▶ [WORK TASK]: Reproduce the data that follows character for character, but omit its pictures.

▶ [MATERIAL PROVIDED]:
________________

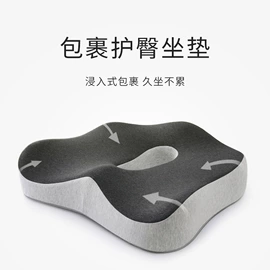 记忆枕;坐垫椅垫;靠垫/抱枕
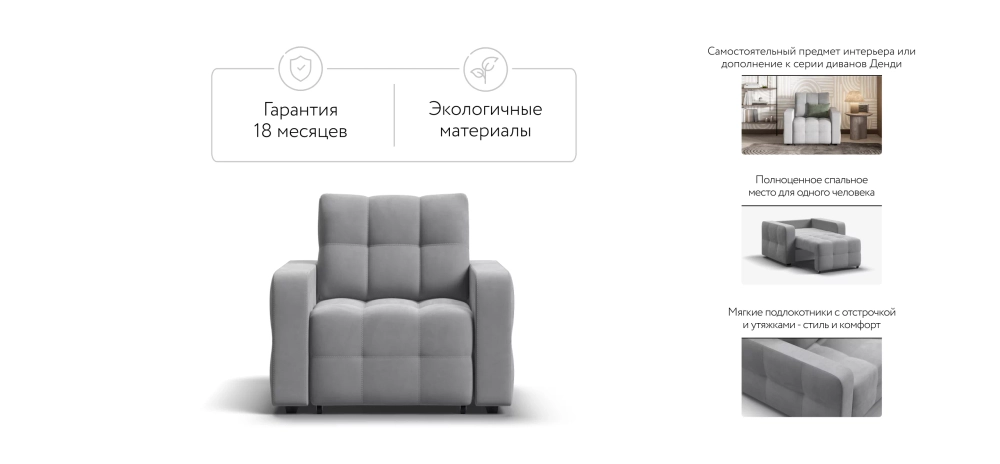 Денди кресло-кровать Велюр Монолит сталь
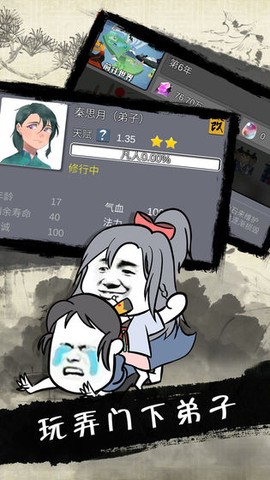 武侠帝王传说图1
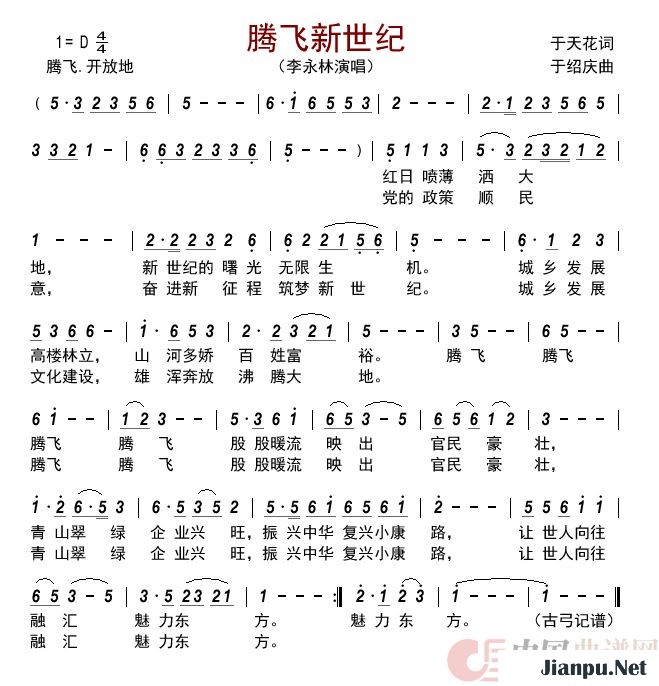 《腾飞新世纪》的简谱 李永林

________________

▶ [RESULT OF THIS EXERCISE]:
 记忆枕;坐垫椅垫;靠垫/抱枕
 Денди кресло-кровать Велюр Монолит сталь
 武侠帝王传说图1
 《腾飞新世纪》的简谱 李永林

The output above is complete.